[Captioned web image data]
———

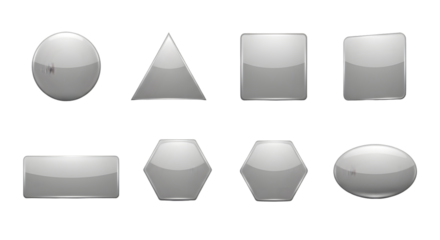 Collection of various geometric shapes including circle, triangle, square, hexagon, and oval, isolated on transparent background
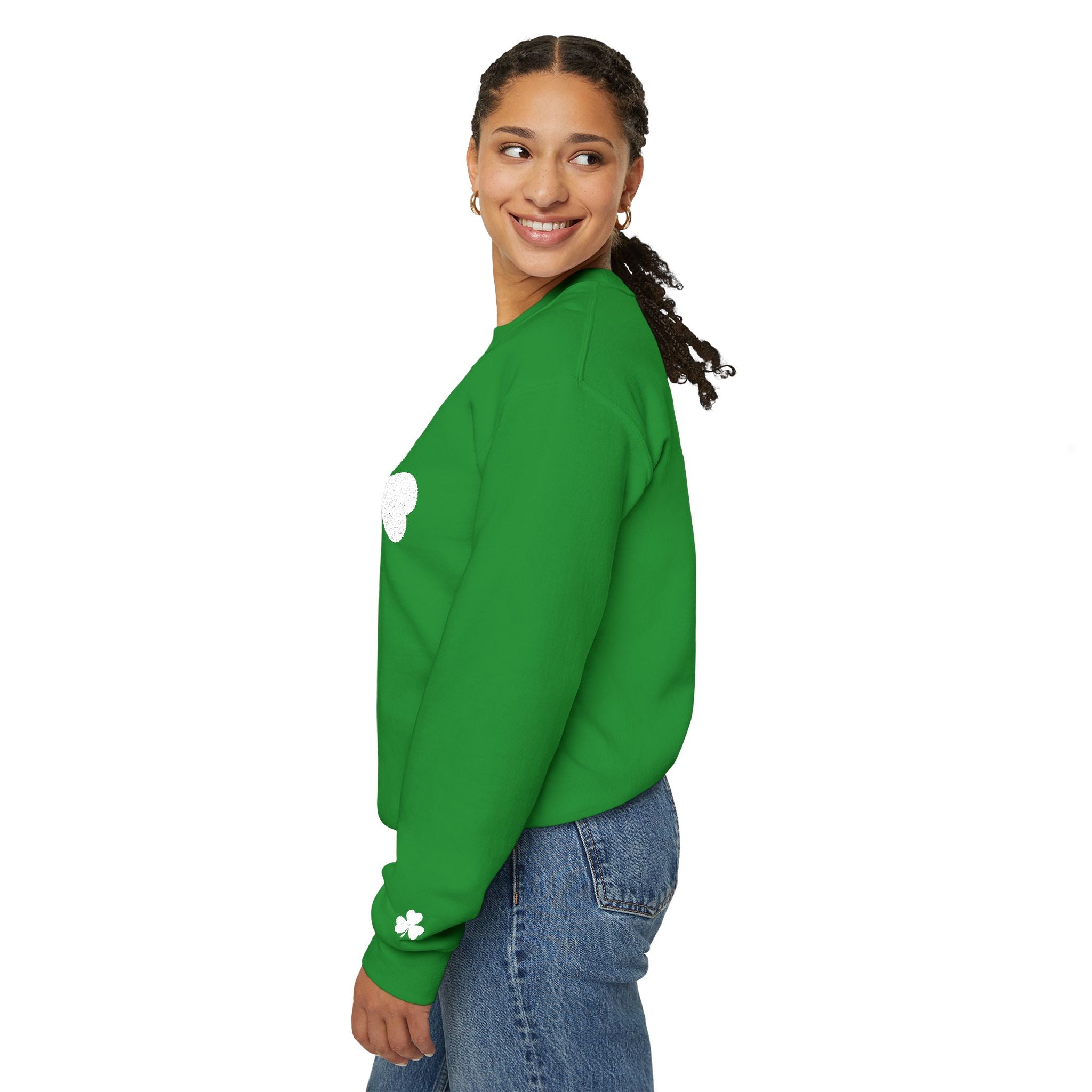 Embroidered Shamrock Crewneck Sweatshirt — Simple White Clover St. Patrick’s Day Pullover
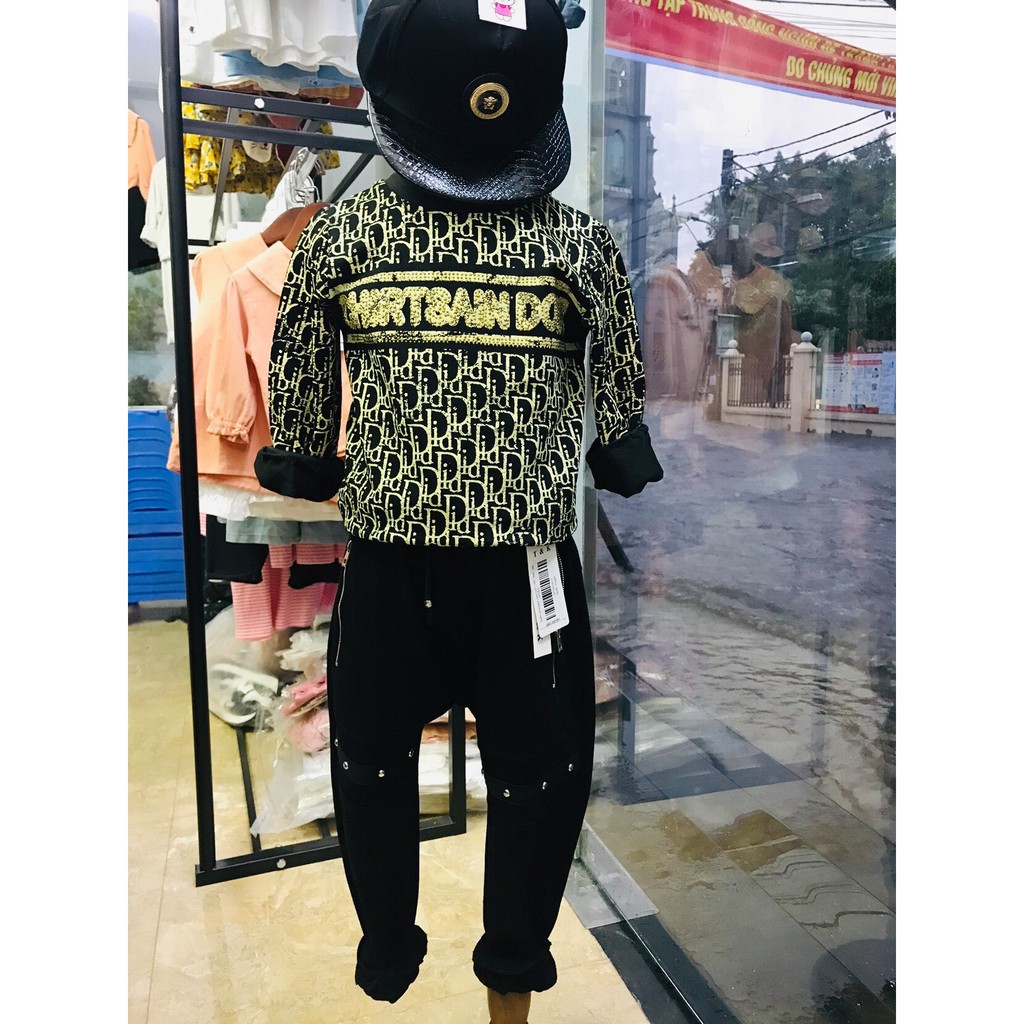 Áo nỉ da cá dài tay Chirtsan dior cho bé trai siêu chất
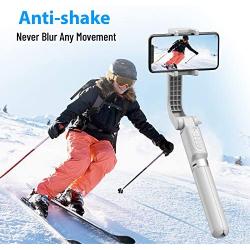 Gimbal Stabilizer for Smartphone with Extendable Bluetooth Selfie Stick and Tripod, 1-Axis Multifunction Remote 360°Automatic Rotation, Auto Balance iPhone/Android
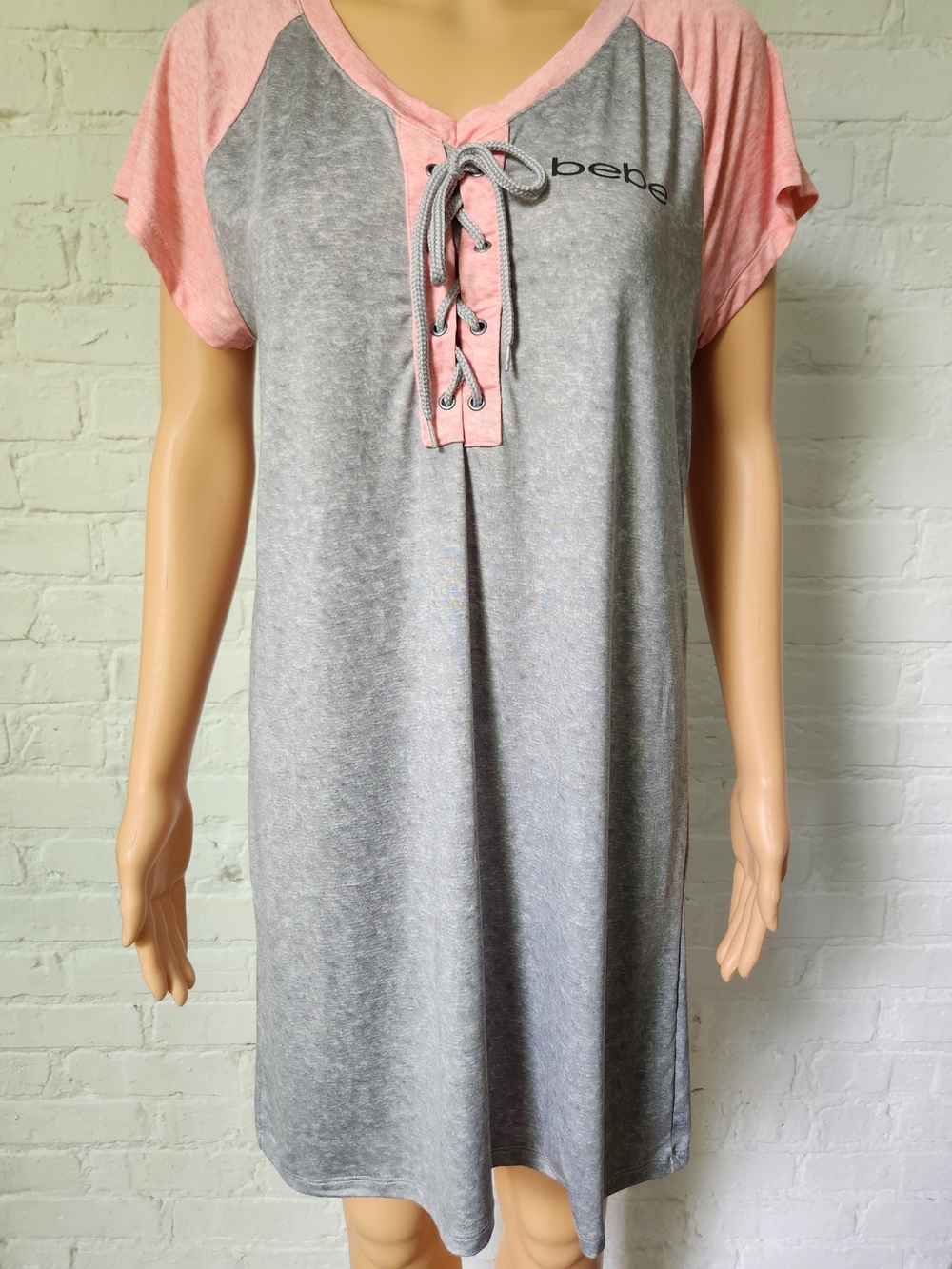 bebe Pink & Gray Lace-Up Nightshirt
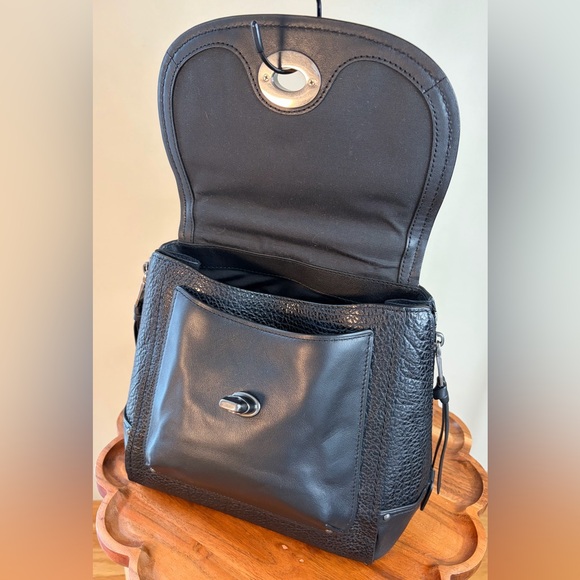 Coach Faye Black Leather Convertible Backpack Crossbody Satchel F30525 Like New - Picture 7 of 17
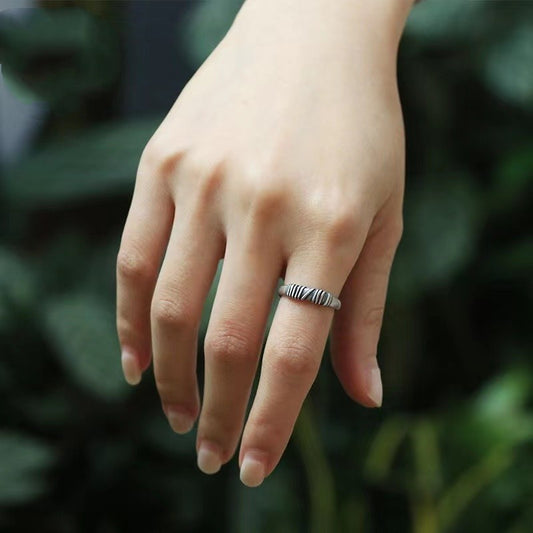 Unisex Adjustable Ring Retro Geometric Winding Design 925 Sterling Silver Copper Base Metal Vintage Style Chic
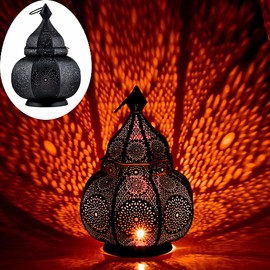 Marrakech Lamp and Lantern in One Metal 30 cm Large Table Lamp Lantern Lamisa Black Oriental Decoration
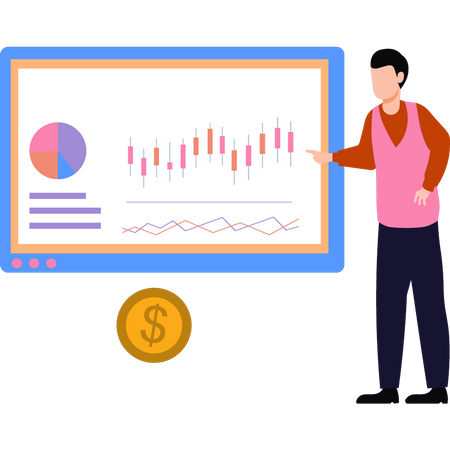 Menino olhando para o quadro gráfico do dólar  Ilustração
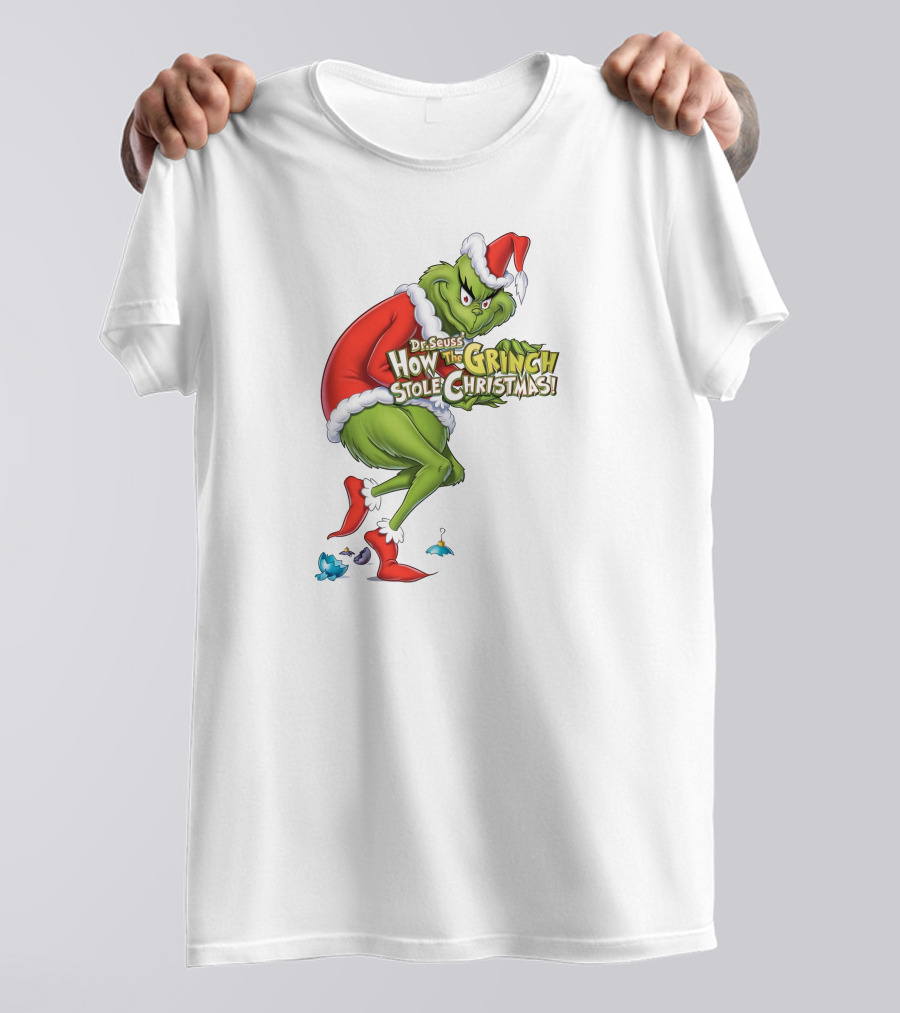 Dr Seuss How The Grinch Stole Christmas Santa Grinch Mischievous Pose T-Shirt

———

• Work required: A word-for-word copy is needed of the lines from the line holding "Embroidered Shamrock Crewneck" through the end of the records, both included, excluding every picture.

• Task response:
 Embroidered Shamrock Crewneck Sweatshirt — Simple White Clover St. Patrick’s Day Pullover
 Áo nỉ da cá dài tay Chirtsan dior cho bé trai siêu chất
 Gimbal Stabilizer for Smartphone with Extendable Bluetooth Selfie Stick and Tripod, 1-Axis Multifunction Remote 360°Automatic Rotation, Auto Balance iPhone/Android
 bebe Pink & Gray Lace-Up Nightshirt
 Coach Faye Black Leather Convertible Backpack Crossbody Satchel F30525 Like New - Picture 7 of 17
 Unisex Adjustable Ring Retro Geometric Winding Design 925 Sterling Silver Copper Base Metal Vintage Style Chic
 Marrakech Lamp and Lantern in One Metal 30 cm Large Table Lamp Lantern Lamisa Black Oriental Decoration
 Menino olhando para o quadro gráfico do dólar  Ilustração
 Dr Seuss How The Grinch Stole Christmas Santa Grinch Mischievous Pose T-Shirt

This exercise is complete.